17. Februar: 247 Gerettete warten immer noch auf einen sicheren Hafen. Dies obwohl bereits vier Anfragen an die zuständigen Seebehörden gesendet wurden. Einige erzählten uns, warum sie ihr Leben riskierten, um der libyschen Hölle zu entkommen:
“Ich habe mein Land mit meiner Schwester verlassen. Sie blieb im Sudan und hat mir einen Ring mitgegeben, der mich schützen soll. Ich habe sechs Monate im Gefängnis in Libyen verbracht. Nachdem ich gesehen habe, was sie den Frauen dort antun, bin ich froh, dass meine Schwester zurückgeblieben ist. Ich habe die Schreie der Frauen gehört.”
Jemal*, 16, aus Eritrea
“Ich habe den Senegal vor 10 Jahren verlassen, um in Libyen zu arbeiten. Ich war 10 Mal im Gefängnis. Die Wachen und Polizei schlugen mich. Als ich einmal versuchte zu fliehen, schossen sie mir ins Bein. Ich habe Narben auf dem ganzen Rücken, sie haben mich verbrannt und immer wieder geschlagen.”
Amath*, 19
16. Februar: Das Wetter im zentralen Mittelmeer verschlechtert sich. Bei vier Meter hohen Wellen, Regen und bis zu 30 Knoten Wind wartet die #OceanViking auf die Zuweisung eines sicheren Hafens. Die meisten der 247 Geretteten an Bord sind seekrank und werden von unseren Teams und dem der IFRC betreut.
14. Februar: Unsere Crew führte in internationalen Gewässern innerhalb der libyschen Such- und Rettungszone eine fünfte Rettung durch. 19 Menschen, darunter 2 Frauen und 3 unbegleitete Minderjährige, wurden sicher aus einem Glasfaserboot geborgen, das bei mehr als 1 Meter hohen Wellen in Seenot geraten war.
13. Februar: Am Morgen entdeckte die Colibri 2 von Pilotes Volontaires in internationalen Gewässern innerhalb der maltesischen Such- und Rettungszone ein in Seenot geratenes Glasfaserboot. Unser Team konnte alle 25 Personen, die sich an Bord befanden, retten.
Am frühen Morgen entdeckte die Crew auf der Ocean Viking in der maltesischen Such- und Rettungszone ein kleines Holzboot in Seenot, in das Wasser zu laufen drohte. 22 Personen, darunter sechs Minderjährige, wurden sicher an Bord gebracht.
Nacht auf den 13. Februar: In der Nacht rettete die Crew auf der OceanViking 88 Menschen – darunter ein Baby und 27 unbegleitete Minderjährige – aus einem überfüllten Holzboot, das in der libyschen Such- und Rettungszone in Seenot geraten war. Der Notruf erfolgte über Alarm Phone und ein EU-Flugzeug sendete zwei Mayday-Relais.
 

12. Februar: Am Nachmittag rettet die Crew auf der Ocean Viking in der maltesischen Such- und Rettungszone 93 Menschen aus einem überfüllten Holzboot in Seenot. Unter ihnen befinden sich 16 unbegleitete Minderjährige. Alle wurden sicher an Bord gebracht und werden nun von der IFRC und SOS MEDITERRANEE betreut.

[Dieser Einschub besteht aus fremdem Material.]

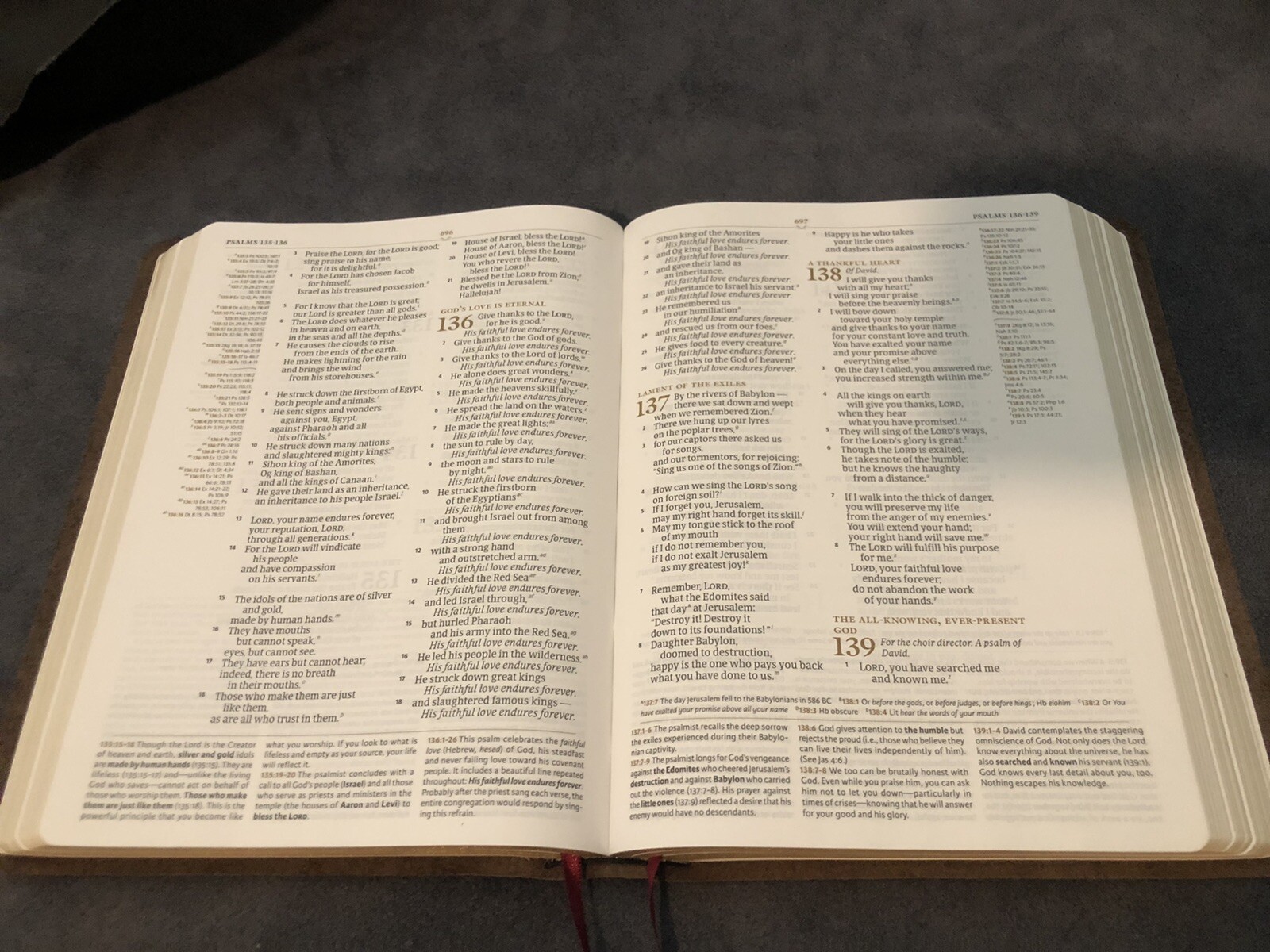 tony evans study bible leather CSB Christian Standard Version Brown Soft Cowhide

27. Januar: Die Ocean Viking wurde nach einer weiteren Hafenstaatkontrolle in Trapani freigelassen. Alle Mängel, die Anfang des Monats zur Festsetzung führten, wurden behoben.

 


Weitere Informationen zu unserem Einsatz findet ihr bei Twitter oder auf unserem Online-Logbuch. Über unseren Newsletter erhaltet ihr regelmässig Neuigkeiten zu unserer lebensrettenden Arbeit im zentralen Mittelmeer.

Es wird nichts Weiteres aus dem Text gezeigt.